French co-discoverer of ‘Lucy’ dies at 87
French palaeontologist Yves Coppens, credited with the co-discovery of the famous fossil find known as “Lucy”, died on Wednesday aged 87 after a long illness, his publisher said.
“France has lost one of its great men,” publisher Odile Jacob tweeted, adding that beyond his science skills, Coppens had also been “a talented writer, storyteller and non-fiction author”.
He was, with Maurice Taieb and Donald Johanson, part of the team that found the most complete remnants of an Australopithecus afarensis ever discovered, in 1974 in Hadar, Ethiopia.
The team nicknamed the 3.2- million-year-old female hominid “Lucy” after the Beatles song “Lucy in the Sky with Diamonds” which they listened to while labelling the fossils.
Based on the large part of Lucy they found, 40 percent of her skeleton, the scientists were able to determine her height (one metre, 3.5 feet) and show that she was muscular and able to climb trees as well as walk upright.
Coppens, who was born in Britanny and was the son of a nuclear physicist father, co-signed six hominid discoveries over his career.
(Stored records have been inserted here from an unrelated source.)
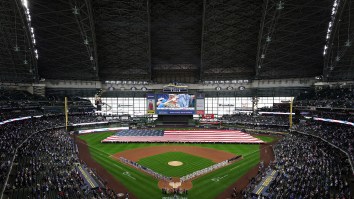 Fans Troll Brewers For Having Stadium Roof Closed During Pregame Flyover, Fireworks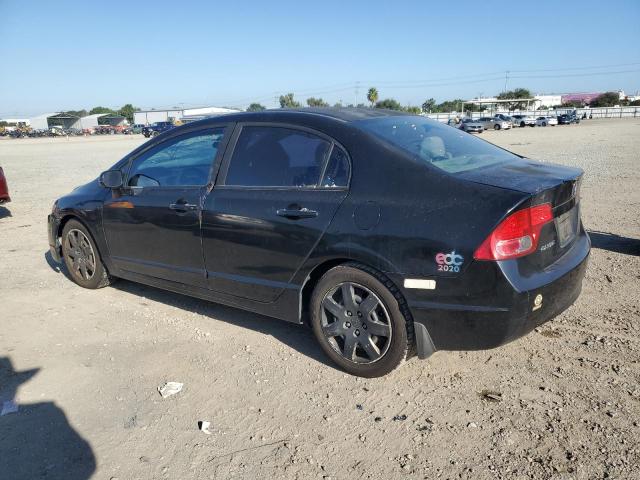 2HGFA16518H335678 - 2008 HONDA CIVIC LX Սև լուսանկար 2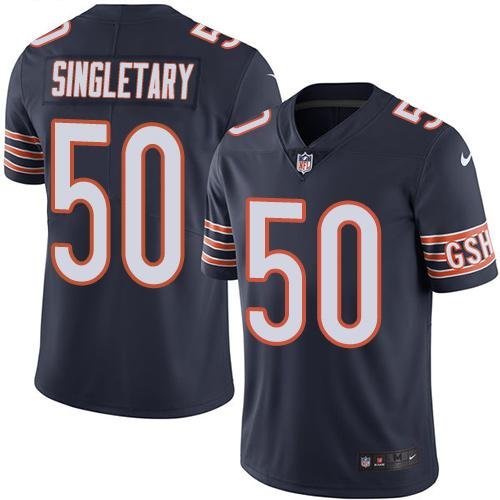 Nike Bears #50 Mike Singletary Navy Blue Team Color Stitched NFL Vapor Untouchable Limited Jersey - CBJ110
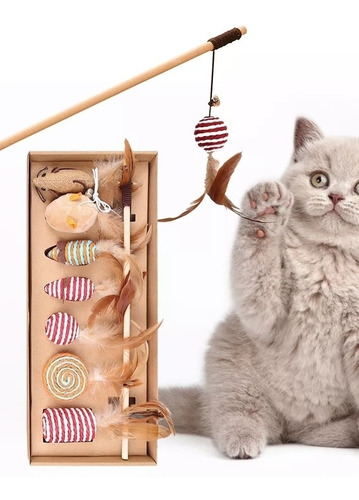 Imagen 1 de 3 de Set De Juegos Para Gatos Baritas Exclusivas Mascota Gato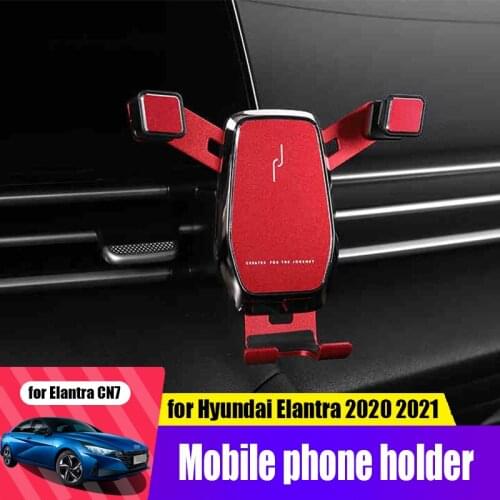 For Hyundai Elantra Avante CN7 2020 2021 car alloy ABS mobile phone holder special support car holder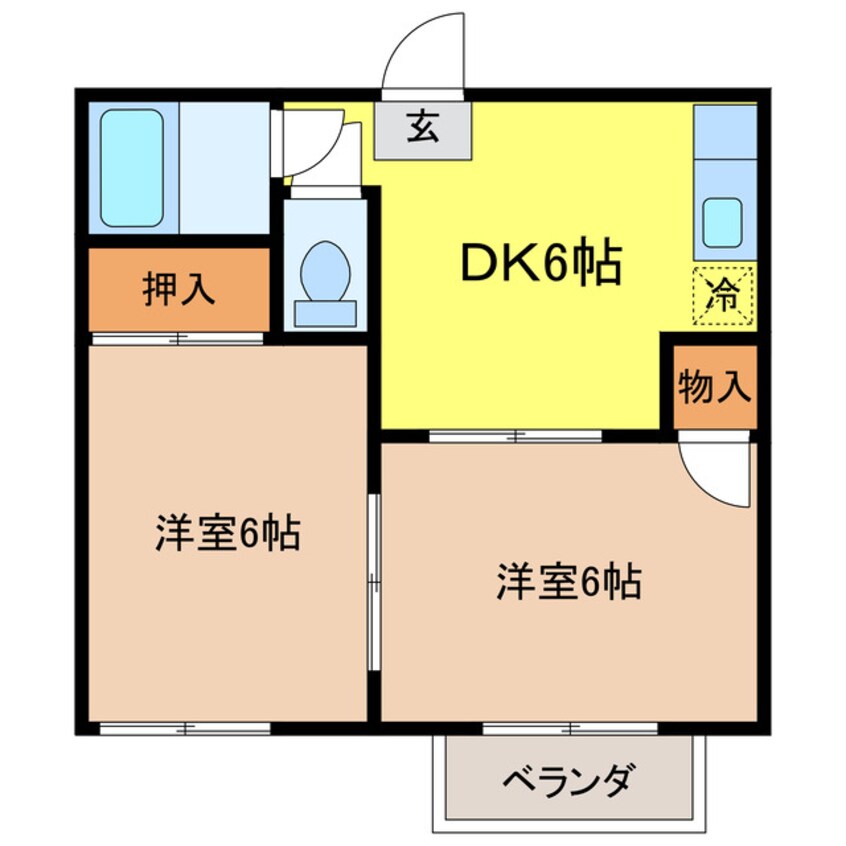 間取図 黒沢コーポ（深谷市東方町）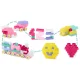 Ricokids RK-761 Lielie spēļu klucīši 300 gab. Pasteļkrāsas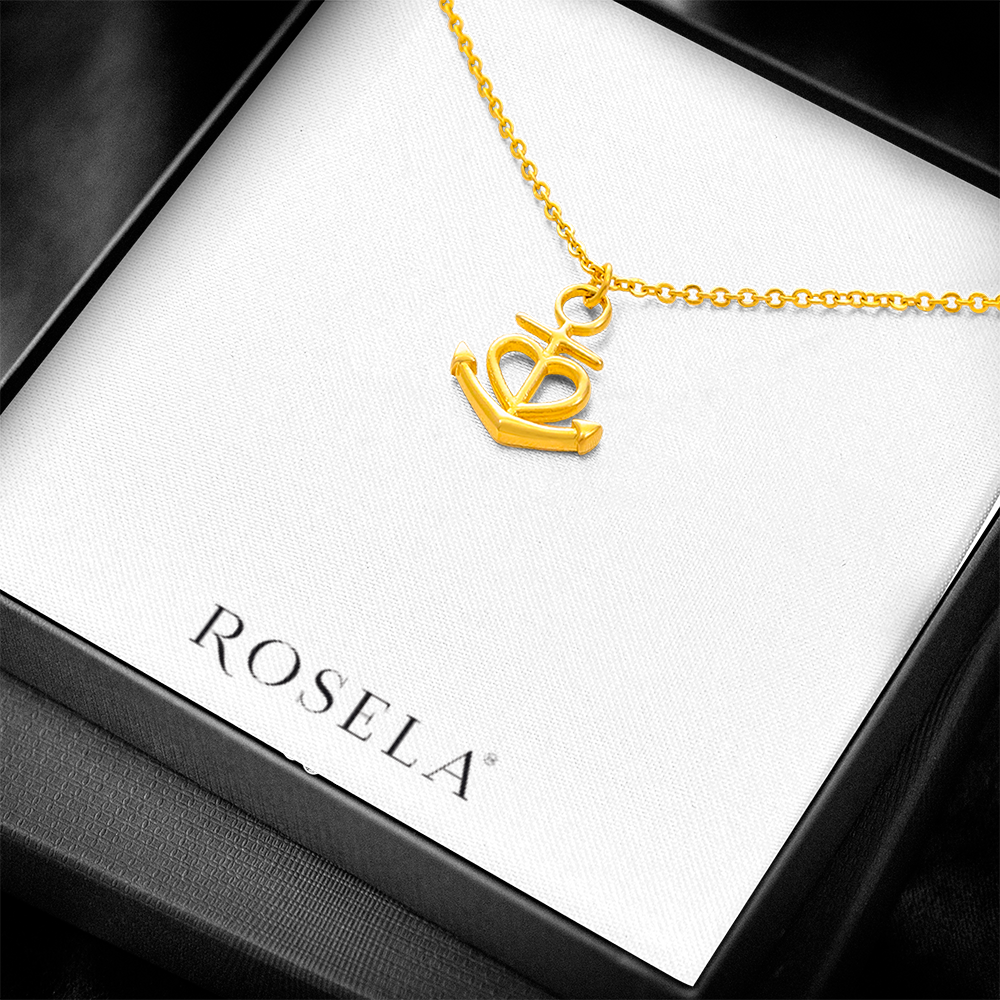 Anchor Gold Necklace
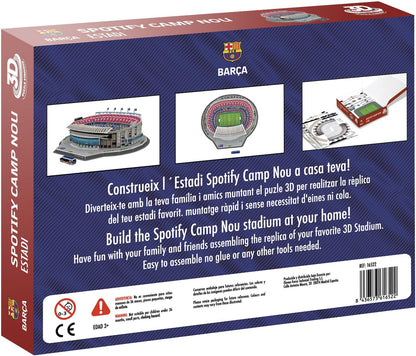 Banbo Toys: Fc Barcelona - Spotify Camp Nou 3D Stadium Puzzle (16522)(Fcb) (16522)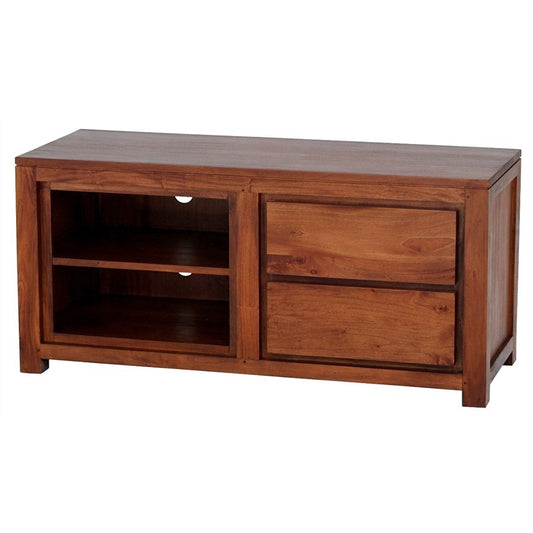 Los Angeles Solid Teak Timber Side Drawer 120cm TV Unit Console - Light Pecan ATF388SB-002-TA-LP_1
“At six or seven years old I already wanted to become an archaeologist,” Coppens told AFP in 2016. “All my holiday time was spent at digs,” he added.
Coppens was admitted to France’s prestigious CNRS scientific centre in 1956 when he was still only 22.
He began travelling to Africa from the 1960s, starting with Algeria and Chad.
His first major discovery came in 1967, a 2.6-million-year-old fossil in the Omo valley in Ethiopia.
Then in 1974 came the international expedition in Ethiopia’s Afar triangle that was to make Coppens, his friend and fellow Frenchman Taieb and Donald Johanson, an American, world famous for the discovery of Lucy.
Coppens often referred to himself as one of Lucy’s “daddies” (“papas” in French).
For a long time after the find, which comprised 52 bone fragments, scientists believed that she was a direct ancestor of humanity.
But this claim is no longer widely believed, and Coppens as well as other palaeontologists came instead to view Lucy as a distant cousin of mankind.
Later Coppens ran digs in Mauritania, the Philippines, Indonesia, Siberia, China and Mongolia.
Back home, he became director of the Musee de l’Homme (Museum of Mankind) in Paris, was given the palaeontology chair in the prestigious College de France, and joined France’s Academy of Science.
He also won several prizes, served as an advisor on environmental questions to the French government, and wrote several books and more than a million scientific articles.
Besides the discovery of Lucy, Coppens once told AFP, he was particularly proud to have “made an irrefutable link between the emergence of man and climate change”.
As forests gave place to savannas, man stopped climbing trees, began to walk upright and needed to develop brain power to keep carnivores at bay, he said.